[Book Review] The Arboretum After Midnight by W.T. O’ Brien

The Arboretum After Midnight
The Arboretum After Midnight
Front cover

Book Information

  • Purchase link: http://mybook.to/Amazon_ArboretumAM
  • Genre:  Detective fiction, murder mystery
  • Print length: 308
  • Age range: This is an adult novel but suitable for mature teens age 16+
  • Trigger warnings: Homicide
  • Amazon Rating: This is a new book, not yet rated.

About The Arboretum After Midnight

Whitney Colliers is an astonishingly beautiful woman. Moving amongst creative people, and fronting a well-known design studio, she has plenty of admirers and almost as many lovers. A tease to everyone, she delivers on her advertising.

Beautiful, admired, but not well-loved. There are plenty of people with a grudge against Whitney. After creating her usual friction at a party, she takes a ride to a local park to give her dog a run.

It’s just after midnight.

The next morning a jogger comes upon her body, tangled in her dog’s lead and sprawled in a rockery. It looks like a tragic accident, but rookie detective Roscoe Romar quickly concludes that it’s murder.


My Review

The Arboretum After Midnight is a detailed police procedural drama that does a thorough job of investigating every angle of the murder of Whitney Colliers. Junior officer Roscoe and Alec McNee seemed to be the characters driving the story forward with their go-getter attitude.

Through the interviews of the long list of suspects, Whitney appears to take on a life of her own. She’s described differently by each person, yet everybody agrees that she was an unforgettable woman. I was particularly fascinated to learn about her past and the way this information was pieced together.

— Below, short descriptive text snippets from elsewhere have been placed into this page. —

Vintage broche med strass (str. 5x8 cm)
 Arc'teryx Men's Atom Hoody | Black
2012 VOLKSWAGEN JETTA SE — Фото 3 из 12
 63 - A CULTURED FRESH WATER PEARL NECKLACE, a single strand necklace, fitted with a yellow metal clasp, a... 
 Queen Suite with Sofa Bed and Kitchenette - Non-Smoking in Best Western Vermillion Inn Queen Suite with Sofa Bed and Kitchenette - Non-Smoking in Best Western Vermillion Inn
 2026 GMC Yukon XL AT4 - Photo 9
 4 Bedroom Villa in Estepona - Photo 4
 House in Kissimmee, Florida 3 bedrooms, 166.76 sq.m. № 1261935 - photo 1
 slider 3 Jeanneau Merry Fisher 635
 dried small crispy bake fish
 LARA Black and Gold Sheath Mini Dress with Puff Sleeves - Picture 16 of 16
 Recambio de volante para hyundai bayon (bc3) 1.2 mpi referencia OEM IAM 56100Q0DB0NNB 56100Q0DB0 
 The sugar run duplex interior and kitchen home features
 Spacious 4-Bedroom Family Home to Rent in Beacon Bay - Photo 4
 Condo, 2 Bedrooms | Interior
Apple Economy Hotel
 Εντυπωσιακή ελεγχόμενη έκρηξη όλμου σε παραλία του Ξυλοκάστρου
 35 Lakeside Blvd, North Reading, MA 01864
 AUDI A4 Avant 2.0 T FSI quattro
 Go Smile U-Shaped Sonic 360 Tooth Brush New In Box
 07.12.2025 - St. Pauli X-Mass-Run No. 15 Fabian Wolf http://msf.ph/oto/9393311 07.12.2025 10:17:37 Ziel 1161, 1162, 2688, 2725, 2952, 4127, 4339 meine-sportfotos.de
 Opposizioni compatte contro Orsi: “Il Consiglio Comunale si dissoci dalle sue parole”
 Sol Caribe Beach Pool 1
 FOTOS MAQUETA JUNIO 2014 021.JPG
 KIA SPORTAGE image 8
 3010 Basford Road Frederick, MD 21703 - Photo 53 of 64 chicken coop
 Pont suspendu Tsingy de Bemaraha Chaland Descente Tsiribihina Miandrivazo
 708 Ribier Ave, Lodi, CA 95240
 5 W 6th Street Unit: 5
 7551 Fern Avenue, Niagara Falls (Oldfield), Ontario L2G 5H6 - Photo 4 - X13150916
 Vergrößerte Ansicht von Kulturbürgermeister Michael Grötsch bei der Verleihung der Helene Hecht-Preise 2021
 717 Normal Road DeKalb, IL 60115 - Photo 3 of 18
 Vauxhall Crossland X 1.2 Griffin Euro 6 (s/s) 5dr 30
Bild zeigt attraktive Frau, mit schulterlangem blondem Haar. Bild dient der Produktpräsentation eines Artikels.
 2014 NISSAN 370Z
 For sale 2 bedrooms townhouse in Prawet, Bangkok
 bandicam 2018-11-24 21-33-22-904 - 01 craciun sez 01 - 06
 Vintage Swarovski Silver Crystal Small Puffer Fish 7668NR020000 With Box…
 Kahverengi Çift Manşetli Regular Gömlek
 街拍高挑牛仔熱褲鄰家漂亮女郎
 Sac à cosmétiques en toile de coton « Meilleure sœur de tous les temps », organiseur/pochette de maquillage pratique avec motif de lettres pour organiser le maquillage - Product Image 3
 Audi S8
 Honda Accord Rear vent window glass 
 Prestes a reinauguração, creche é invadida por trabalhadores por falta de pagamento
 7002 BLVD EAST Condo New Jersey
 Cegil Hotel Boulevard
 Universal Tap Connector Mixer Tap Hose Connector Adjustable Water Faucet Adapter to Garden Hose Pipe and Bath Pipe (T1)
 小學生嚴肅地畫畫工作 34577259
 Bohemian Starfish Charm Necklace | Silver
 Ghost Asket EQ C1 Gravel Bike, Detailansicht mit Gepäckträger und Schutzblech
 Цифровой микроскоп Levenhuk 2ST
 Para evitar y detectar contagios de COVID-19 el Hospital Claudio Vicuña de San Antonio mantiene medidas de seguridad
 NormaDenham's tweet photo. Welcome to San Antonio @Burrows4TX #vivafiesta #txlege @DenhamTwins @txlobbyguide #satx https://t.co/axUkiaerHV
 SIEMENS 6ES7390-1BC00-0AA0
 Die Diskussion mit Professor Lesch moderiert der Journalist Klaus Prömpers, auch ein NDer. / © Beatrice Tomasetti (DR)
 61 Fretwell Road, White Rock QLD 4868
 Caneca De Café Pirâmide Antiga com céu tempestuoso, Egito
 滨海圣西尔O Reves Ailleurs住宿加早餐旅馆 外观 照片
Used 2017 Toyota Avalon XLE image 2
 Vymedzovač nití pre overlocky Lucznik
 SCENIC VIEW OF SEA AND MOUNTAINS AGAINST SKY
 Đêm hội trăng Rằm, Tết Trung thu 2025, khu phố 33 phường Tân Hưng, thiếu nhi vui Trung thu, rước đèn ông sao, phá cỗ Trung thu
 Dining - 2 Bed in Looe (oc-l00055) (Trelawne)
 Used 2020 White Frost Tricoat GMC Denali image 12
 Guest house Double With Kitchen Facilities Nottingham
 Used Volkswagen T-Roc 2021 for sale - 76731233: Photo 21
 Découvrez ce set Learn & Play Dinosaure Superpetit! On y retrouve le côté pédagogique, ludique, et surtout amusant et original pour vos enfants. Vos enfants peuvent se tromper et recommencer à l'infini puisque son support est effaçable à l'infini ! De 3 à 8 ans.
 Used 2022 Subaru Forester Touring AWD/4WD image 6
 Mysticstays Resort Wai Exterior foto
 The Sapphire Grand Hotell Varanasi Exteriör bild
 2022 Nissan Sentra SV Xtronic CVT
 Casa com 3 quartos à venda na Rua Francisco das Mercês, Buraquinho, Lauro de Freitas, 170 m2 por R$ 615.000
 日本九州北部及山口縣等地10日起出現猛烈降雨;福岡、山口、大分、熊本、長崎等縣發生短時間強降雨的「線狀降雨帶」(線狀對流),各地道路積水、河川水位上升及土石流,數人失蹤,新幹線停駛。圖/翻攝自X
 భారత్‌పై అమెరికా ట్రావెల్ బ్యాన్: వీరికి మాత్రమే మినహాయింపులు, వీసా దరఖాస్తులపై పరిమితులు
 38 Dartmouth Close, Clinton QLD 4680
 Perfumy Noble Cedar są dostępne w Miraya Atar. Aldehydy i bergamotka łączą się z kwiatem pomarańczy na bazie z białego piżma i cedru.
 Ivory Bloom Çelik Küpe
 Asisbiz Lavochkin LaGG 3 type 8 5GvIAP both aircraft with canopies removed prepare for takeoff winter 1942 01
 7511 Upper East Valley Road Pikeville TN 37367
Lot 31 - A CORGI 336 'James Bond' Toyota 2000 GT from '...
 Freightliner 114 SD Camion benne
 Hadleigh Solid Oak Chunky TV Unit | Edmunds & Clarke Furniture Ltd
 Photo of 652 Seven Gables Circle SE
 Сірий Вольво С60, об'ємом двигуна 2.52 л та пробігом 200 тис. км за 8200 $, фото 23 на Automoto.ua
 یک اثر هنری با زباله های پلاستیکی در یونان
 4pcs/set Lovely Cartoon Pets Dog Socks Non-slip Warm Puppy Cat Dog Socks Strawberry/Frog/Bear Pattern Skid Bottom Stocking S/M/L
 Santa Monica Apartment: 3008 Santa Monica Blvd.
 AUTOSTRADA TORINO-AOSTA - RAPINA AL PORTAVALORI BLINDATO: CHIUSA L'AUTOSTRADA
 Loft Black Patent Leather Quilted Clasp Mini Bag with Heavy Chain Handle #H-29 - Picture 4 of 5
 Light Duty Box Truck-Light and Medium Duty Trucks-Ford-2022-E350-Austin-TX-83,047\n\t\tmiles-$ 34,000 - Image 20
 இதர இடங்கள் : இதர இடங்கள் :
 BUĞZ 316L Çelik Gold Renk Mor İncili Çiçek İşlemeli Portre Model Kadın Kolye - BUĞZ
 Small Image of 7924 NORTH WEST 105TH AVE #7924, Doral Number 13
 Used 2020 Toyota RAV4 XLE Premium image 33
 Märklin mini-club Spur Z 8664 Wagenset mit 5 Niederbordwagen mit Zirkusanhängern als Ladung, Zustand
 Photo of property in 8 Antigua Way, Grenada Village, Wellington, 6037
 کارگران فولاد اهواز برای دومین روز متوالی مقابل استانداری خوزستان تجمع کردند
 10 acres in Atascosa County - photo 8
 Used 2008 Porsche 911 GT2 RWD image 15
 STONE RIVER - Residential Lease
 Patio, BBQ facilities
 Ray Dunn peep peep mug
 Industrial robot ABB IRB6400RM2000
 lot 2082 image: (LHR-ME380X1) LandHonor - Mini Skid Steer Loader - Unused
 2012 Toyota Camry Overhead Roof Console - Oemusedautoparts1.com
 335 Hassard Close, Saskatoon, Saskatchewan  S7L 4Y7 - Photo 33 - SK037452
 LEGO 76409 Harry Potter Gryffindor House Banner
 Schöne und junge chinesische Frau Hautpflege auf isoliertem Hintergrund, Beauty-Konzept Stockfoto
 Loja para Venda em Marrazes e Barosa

The plot is quite intricate and cognitively demanding because there are so many threads that branch out from Whitney that deal with her past and her present. Also, the author often expands on the side stories of some characters with minor details — something I felt could have been done away with because it tends to interrupt the steady pace of the story. But it’s astonishing to see how he brings all of these disparate stories together to a believable conclusion.

Except for the fact that the writing could have been tighter, I enjoyed this police-driven murder mystery and never spotted the killer even though I was paying attention. I also enjoyed the themes of homophobia, racism, and gender bias that the author discusses using several characters as his mouthpieces.

(I received an e-copy from Blackthorn Book Tours with a request for an honest review.)


About the Author

W.T. O’Brien is a lifelong resident of the Pacific Northwest. He attended school in Seattle and after high school enrolled at the University of Washington, majoring in billiards and games of chance. After graduating cum laude without a degree, he began a series of menial jobs and failed schemes, which did little to enhance him financially, but added a great deal of spice to his experience. During this time, he considered his occupation to be as a professional pool player, an oxymoron, even though he almost never performed in that pursuit. Eventually, he managed to land a real job, working in the Health Sciences department back at the University of Washington. After twenty-five enjoyable years, he retired. He considered that his modest retirement party, attended entirely by college professors, was a tribute to a successful career as a research consultant.

Over the years, Mr. O’Brien has written short stories, poetry, and screenplays.

The Arboretum After Midnight is his third novel. It is a murder mystery centered around the interior design community in 1990’s Seattle.